## WHAT YOU WILL DO
Among the entries below, the lines from the one with "Pemkab Badung Serahkan SK Banjar Dinas" up to and including the one with "117 Homestead Drive, Colonial" are to be restated exactly, without pictures.

## PROVIDED INFORMATION

^^^^^^^^^^^^^^^^

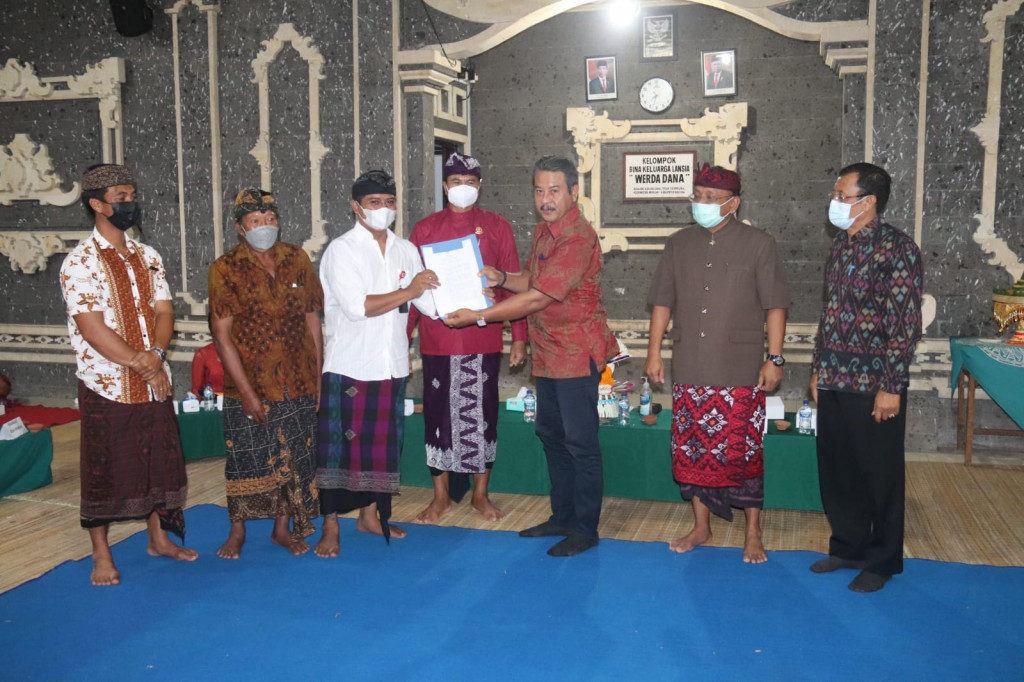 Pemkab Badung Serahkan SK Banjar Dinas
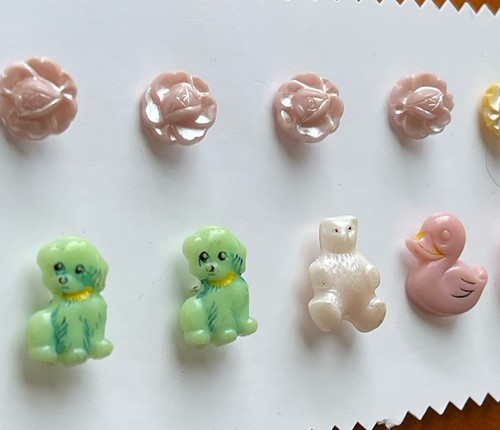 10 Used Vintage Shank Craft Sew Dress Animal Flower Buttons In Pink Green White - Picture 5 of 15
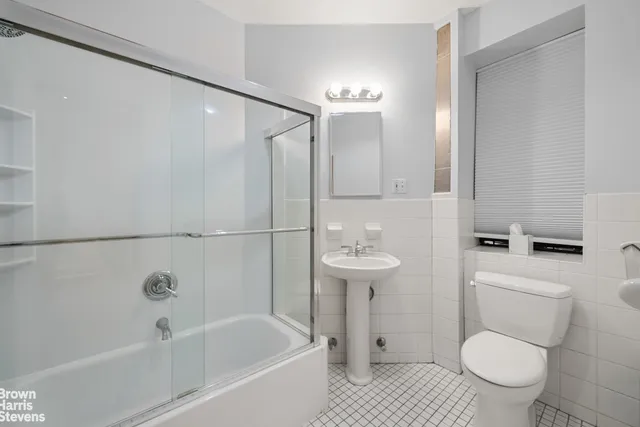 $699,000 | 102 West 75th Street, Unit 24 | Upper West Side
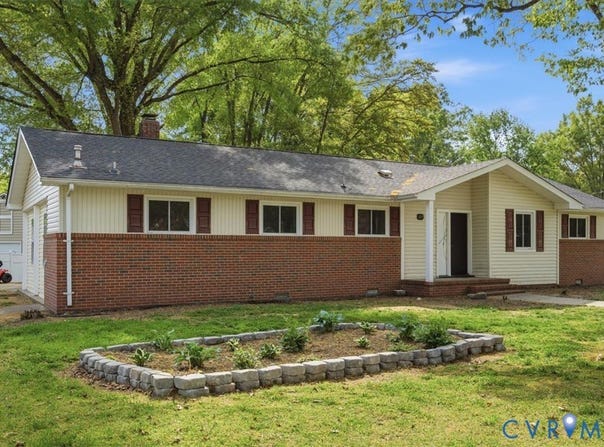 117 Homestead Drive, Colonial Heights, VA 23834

^^^^^^^^^^^^^^^^

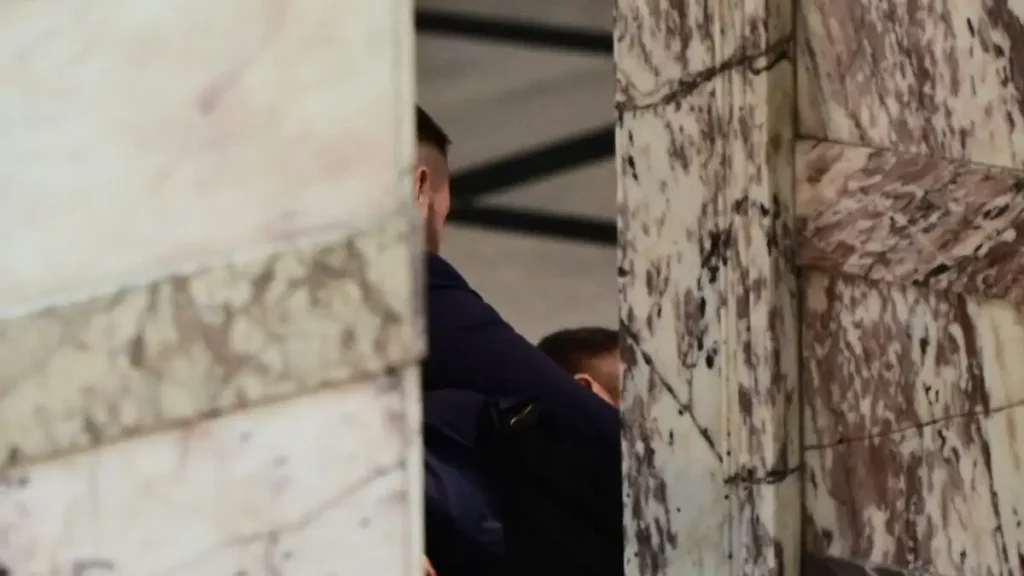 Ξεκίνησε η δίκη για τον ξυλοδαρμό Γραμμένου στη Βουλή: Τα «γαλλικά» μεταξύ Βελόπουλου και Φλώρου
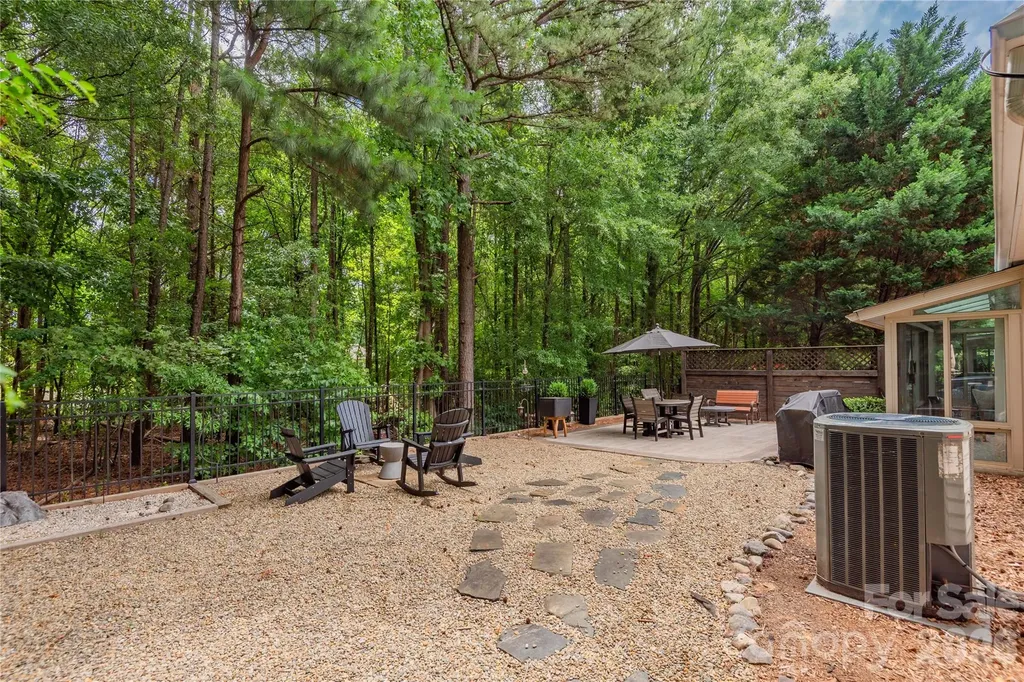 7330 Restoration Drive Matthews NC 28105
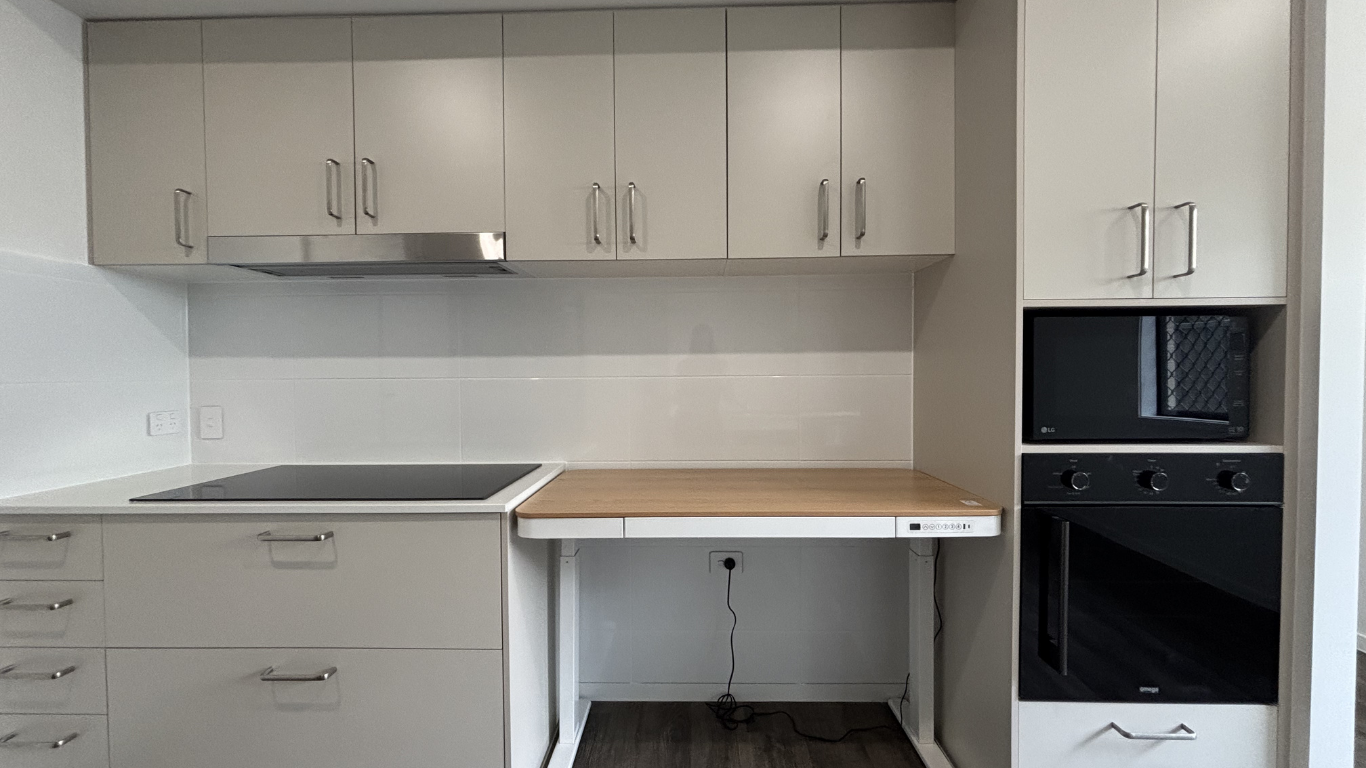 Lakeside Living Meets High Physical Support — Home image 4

^^^^^^^^^^^^^^^^

## EXPECTED OUTPUT
 Pemkab Badung Serahkan SK Banjar Dinas
 10 Used Vintage Shank Craft Sew Dress Animal Flower Buttons In Pink Green White - Picture 5 of 15
 $699,000 | 102 West 75th Street, Unit 24 | Upper West Side
 117 Homestead Drive, Colonial Heights, VA 23834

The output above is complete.